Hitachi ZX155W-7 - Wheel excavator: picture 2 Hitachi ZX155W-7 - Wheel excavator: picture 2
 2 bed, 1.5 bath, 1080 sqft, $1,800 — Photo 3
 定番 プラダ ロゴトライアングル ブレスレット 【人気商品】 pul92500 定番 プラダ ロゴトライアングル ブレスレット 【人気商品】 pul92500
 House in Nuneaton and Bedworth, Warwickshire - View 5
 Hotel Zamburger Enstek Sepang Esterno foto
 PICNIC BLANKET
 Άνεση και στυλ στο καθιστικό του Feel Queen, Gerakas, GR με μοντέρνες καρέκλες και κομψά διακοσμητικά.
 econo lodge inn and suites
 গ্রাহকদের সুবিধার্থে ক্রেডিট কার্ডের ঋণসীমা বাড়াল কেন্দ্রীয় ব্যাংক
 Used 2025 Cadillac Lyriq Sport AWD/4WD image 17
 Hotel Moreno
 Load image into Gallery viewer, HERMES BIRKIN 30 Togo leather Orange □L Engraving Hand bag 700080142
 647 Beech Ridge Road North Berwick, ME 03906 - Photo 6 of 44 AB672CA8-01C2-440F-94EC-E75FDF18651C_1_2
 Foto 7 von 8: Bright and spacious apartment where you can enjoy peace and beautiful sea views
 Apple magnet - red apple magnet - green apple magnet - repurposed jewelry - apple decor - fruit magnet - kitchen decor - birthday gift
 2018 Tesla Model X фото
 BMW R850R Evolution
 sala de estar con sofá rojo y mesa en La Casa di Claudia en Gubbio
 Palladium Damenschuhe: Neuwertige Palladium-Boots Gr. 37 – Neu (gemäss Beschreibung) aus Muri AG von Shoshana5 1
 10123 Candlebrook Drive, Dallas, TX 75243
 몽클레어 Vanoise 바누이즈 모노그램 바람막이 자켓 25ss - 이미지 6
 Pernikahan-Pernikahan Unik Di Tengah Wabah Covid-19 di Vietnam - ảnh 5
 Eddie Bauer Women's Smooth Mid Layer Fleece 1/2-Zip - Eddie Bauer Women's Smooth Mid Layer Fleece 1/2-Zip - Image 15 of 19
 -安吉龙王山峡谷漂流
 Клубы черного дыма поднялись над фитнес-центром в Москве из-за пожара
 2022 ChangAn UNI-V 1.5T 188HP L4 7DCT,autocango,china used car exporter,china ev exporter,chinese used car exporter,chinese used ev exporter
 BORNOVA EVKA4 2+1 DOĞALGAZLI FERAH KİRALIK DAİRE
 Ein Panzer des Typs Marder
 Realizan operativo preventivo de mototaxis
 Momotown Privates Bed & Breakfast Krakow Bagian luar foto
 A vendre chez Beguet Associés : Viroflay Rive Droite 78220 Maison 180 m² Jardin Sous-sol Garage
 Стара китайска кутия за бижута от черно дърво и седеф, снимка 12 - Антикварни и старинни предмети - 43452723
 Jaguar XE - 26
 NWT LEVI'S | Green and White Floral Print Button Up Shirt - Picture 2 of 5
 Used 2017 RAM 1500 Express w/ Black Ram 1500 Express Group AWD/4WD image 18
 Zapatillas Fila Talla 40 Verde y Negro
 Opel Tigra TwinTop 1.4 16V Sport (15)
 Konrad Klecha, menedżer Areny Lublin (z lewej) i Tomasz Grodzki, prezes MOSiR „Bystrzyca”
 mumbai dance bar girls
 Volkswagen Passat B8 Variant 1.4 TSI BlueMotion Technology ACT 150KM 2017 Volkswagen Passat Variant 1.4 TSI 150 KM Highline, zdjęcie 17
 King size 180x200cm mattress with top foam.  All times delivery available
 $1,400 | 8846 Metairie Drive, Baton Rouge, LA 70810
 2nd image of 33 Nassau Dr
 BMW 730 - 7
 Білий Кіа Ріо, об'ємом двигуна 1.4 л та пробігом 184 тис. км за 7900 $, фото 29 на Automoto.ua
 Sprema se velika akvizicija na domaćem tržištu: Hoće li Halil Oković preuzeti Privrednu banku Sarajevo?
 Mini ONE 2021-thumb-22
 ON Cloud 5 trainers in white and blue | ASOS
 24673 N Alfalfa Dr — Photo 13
-=-=-=-=-
## WORK REQUEST
All that belongs in your answer is the stretch of entries above from the line with "econo lodge inn and suites" through the line with "647 Beech Ridge", printed exactly.

## ANSWER BOX
 econo lodge inn and suites
 গ্রাহকদের সুবিধার্থে ক্রেডিট কার্ডের ঋণসীমা বাড়াল কেন্দ্রীয় ব্যাংক
 Used 2025 Cadillac Lyriq Sport AWD/4WD image 17
 Hotel Moreno
 Load image into Gallery viewer, HERMES BIRKIN 30 Togo leather Orange □L Engraving Hand bag 700080142
 647 Beech Ridge Road North Berwick, ME 03906 - Photo 6 of 44 AB672CA8-01C2-440F-94EC-E75FDF18651C_1_2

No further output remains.